ASHA Scheduler for Efficient Trial Pruning

When running a large hyperparameter search (e.g., with random, optuna, or hopt), many trials will perform poorly from the start. Instead of waiting for all trials to finish, you can use the ASHA (Asynchronous Successive Halving Algorithm) scheduler to aggressively terminate bad trials early and allocate resources only to the most promising ones.

To use ASHA, you must define the scheduler as asha and provide the required parameters inside the properties block: max_t, grace_period, and reduction_factor.

Configuration Example:

models:
    LightGCN:
        optimization:
            strategy: optuna
            num_samples: 100
            scheduler: asha
            properties:
                time_attr: training_iteration  # The metric used to track time/progress
                max_t: 200                     # Maximum iterations a trial can run
                grace_period: 20               # Minimum iterations before pruning begins
                reduction_factor: 3.0          # Halving rate (keeps top 1/3 of trials)

        # Model parameters
        embedding_size: [choice, 64, 128, 256]
        n_layers: [choice, 1, 2, 3]
        learning_rate: [loguniform, 1e-5, 1e-2]
        epochs: 200

How this works in practice:

  1. time_attr: training_iteration: Tells the scheduler to evaluate the progress of the trials based on the number of training epochs/iterations completed.
  2. grace_period: 20: Every single trial is guaranteed to run for at least 20 iterations. This prevents the scheduler from killing a model that just has a slow start.
  3. reduction_factor: 3.0: At iteration 20, the scheduler compares all running trials. Only the top 33% (1/3) of the trials are allowed to continue. The bottom 66% are permanently stopped. This process repeats at iterations 60 (20 * 3) and 180 (60 * 3).
  4. max_t: 200: The absolute maximum number of iterations any trial is allowed to reach. This should generally match your model's epochs parameter.

Result: By pruning unpromising trials early, ASHA allows you to test 100 configurations in a fraction of the time and compute cost it would take using the standard fifo scheduler.

Example Model Configuration

In this section, we provide examples illustrating how to define the appropriate configuration for your experiment.

Basic Configuration

The simplest way to define the model configuration is by directly specifying the parameters.
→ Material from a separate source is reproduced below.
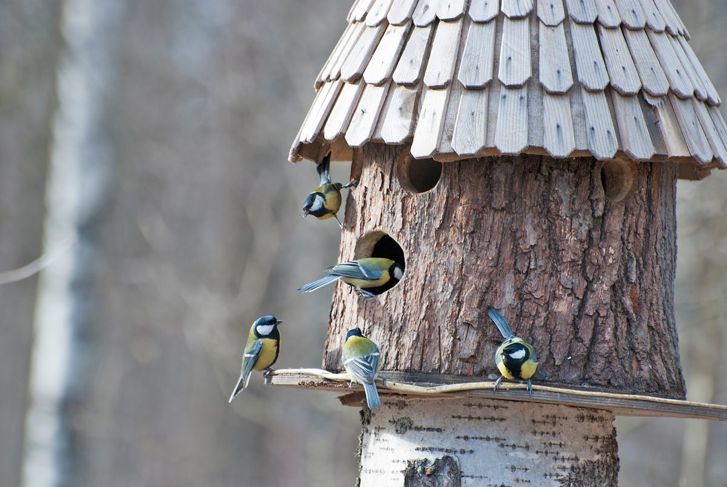 дърво къщичка за птици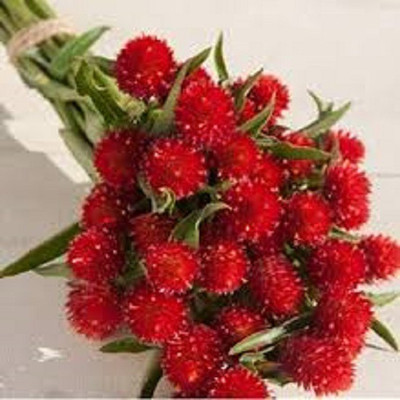XOLDA Gomphrena Seed(25 per packet)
Grid search is the default optimization strategy, so for each parameter, you can provide a list of values to explore, and WarpRec will manage the process automatically.

The following example demonstrates a basic grid search using the EASE model:

models:
    EASE:
        l2: [10, 20, 30, 40, 50, 100, 150, 200]
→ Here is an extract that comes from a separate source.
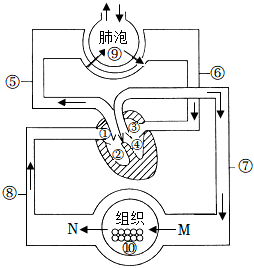 菁優(yōu)網(wǎng)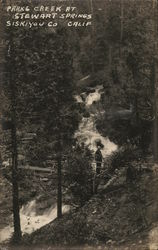 Parks Creek at Stewart Springs Postcard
An in depth configuration might include a model with more parameters and early stopping:

models:
    BPR:
        early_stopping:
            patience: 20
            grace_period: 10
        embedding_size: [64, 128, 256]
        reg_weight: [0., 0.001, 1e-6]
        batch_size: [512, 1024, 2048, 4096]
        epochs: 300
        learning_rate: [0.001, 1e-4, 1e-5]

Note

  • Each model requires a separate configuration.
  • Trials of the same model can run in parallel; multiple models are trained sequentially.
  • Model parameters depend on the specific algorithm; consult the Recommenders Documentation.

Advanced Configuration

For advanced users, WarpRec provides support for sophisticated hyperparameter tuning and search space exploration, enabling efficient hyperparameter optimization and distributed experimentation.
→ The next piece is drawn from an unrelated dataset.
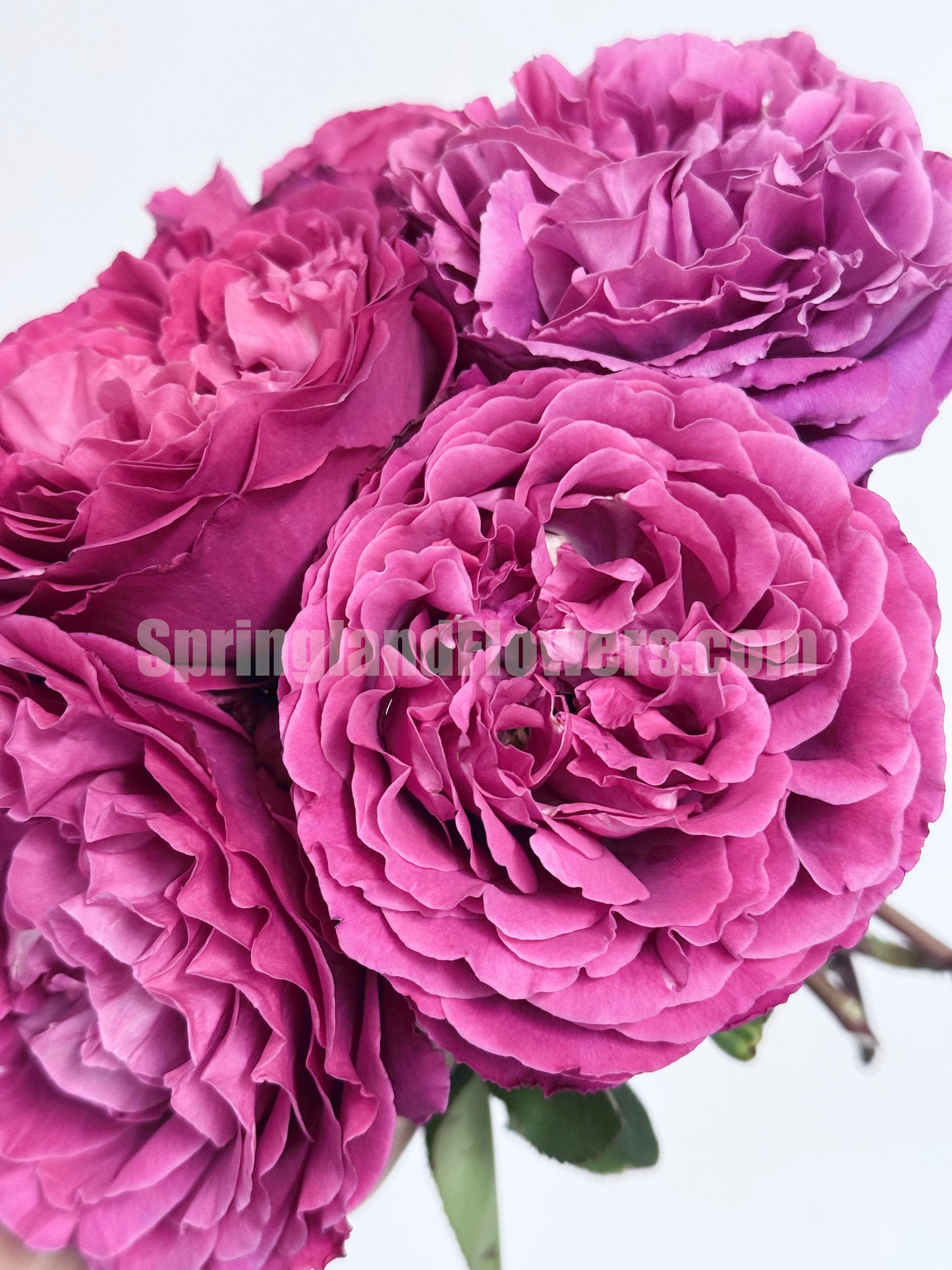 #SPJ104, Yves Jardin Parfumé 伊芙芳香花园,Japanese Shrub Rose, Robust Old Rose Fragrance, Non-Grafted/Own Root.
Let's start from a really simple model configuration:

models:
    LightGCN:
        embedding_size: 64
        n_layers: 2
        reg_weight: 0.0001
        batch_size: 512
        epochs: 50
        learning_rate: 0.001

This executes a grid search over a single parameter combination, effectively training just one model. Next, we will extend this example to explore a more comprehensive grid search:

models:
    LightGCN:
        early_stopping:
            patience: 20
            grace_period: 10
        embedding_size: [64, 128, 256]
        n_layers: [1, 2, 3]
        reg_weight: [0., 1e-6]
        batch_size: [512, 1024, 2048]
        epochs: 200
        learning_rate: [0.001, 1e-4, 1e-5]

This configuration produces a total of 3 x 3 x 2 x 3 x 3 = 162 trials. Depending on the dataset size and available resources, the exploration may require some time. To optimize performance, you can leverage WarpRec's parallelization capabilities by adding the following to the configuration:

models:
    LightGCN:
        optimization:
            cpu_per_trial: 4
            gpu_per_trial: 0.25
        early_stopping:
            patience: 20
            grace_period: 10
        embedding_size: [64, 128, 256]
        n_layers: [1, 2, 3]
        reg_weight: [0., 1e-6]
        batch_size: [512, 1024, 2048]
        epochs: 200
        learning_rate: [0.001, 1e-4, 1e-5]

With this setup, you can train up to 4 models at a time (if only 1 GPU is available), though this change will require more computational resources.

Search Space Configuration

Advanced search algorithms (HyperOpt, Optuna) allow fine-grained exploration of hyperparameters. WarpRec supports multiple search spaces:

  • uniform / quniform: Uniform distribution and quantized uniform distribution.
  • loguniform / qloguniform: Logarithmic uniform distribution and quantized logarithmic uniform distribution.
  • randn / qrandn: Random normal and quantized random normal.
  • randint / qrandint: Random integers and quantized random integers.
  • lograndint / qlograndint: Logarithmic random integers.
  • choice: Default for discrete options.
  • grid: Default for exhaustive grid search.

Structure of parameter sampling in WarpRec

Each parameter is defined as a list where:

  1. search_space (str) - Name of the search space (e.g. 'uniform', 'qrandint', 'loguniform').
  2. min (float/int) - Minimum value of the sampling range.
  3. max (float/int) - Maximum value of the sampling range.
  4. quantization (optional, float/int) - Step size for quantized spaces (e.g. 'qrandint', 'qloguniform'). Only used for quantized spaces.
  5. log_base (optional, int) - Base of the logarithm for log-scaled spaces (e.g. 'loguniform', 'qloguniform'). Only used for log spaces.

The following examples illustrate how to sample values from these search spaces:

param_1: ['uniform', 0.0, 1.0]
param_2: ['qrandint', 10, 500, 5]
param_3: ['qloguniform', 0.0, 1.0, 0.005, 2]

Let's now use the sampling spaces to create a more complex HPO and have more control over the parameter space:

models:
    LightGCN:
        optimization:
            cpu_per_trial: 4
            gpu_per_trial: 0.25
            validation_metric: Recall@5
            strategy: hopt
            num_samples: 100
        early_stopping:
            patience: 20
            grace_period: 10
        embedding_size: [qrandint, 64, 320, 64]
        n_layers: [1, 2, 3]
        weight_decay: [uniform, 0.0, 1e-6]
        batch_size: [qrandint, 512, 10240, 512]
        epochs: 200
        learning_rate: [uniform, 1e-6, 1e-3]

This configuration performs hyperparameter optimization over 100 potential parameter combinations for the LightGCN model, executing 4 trials in parallel and applying early stopping.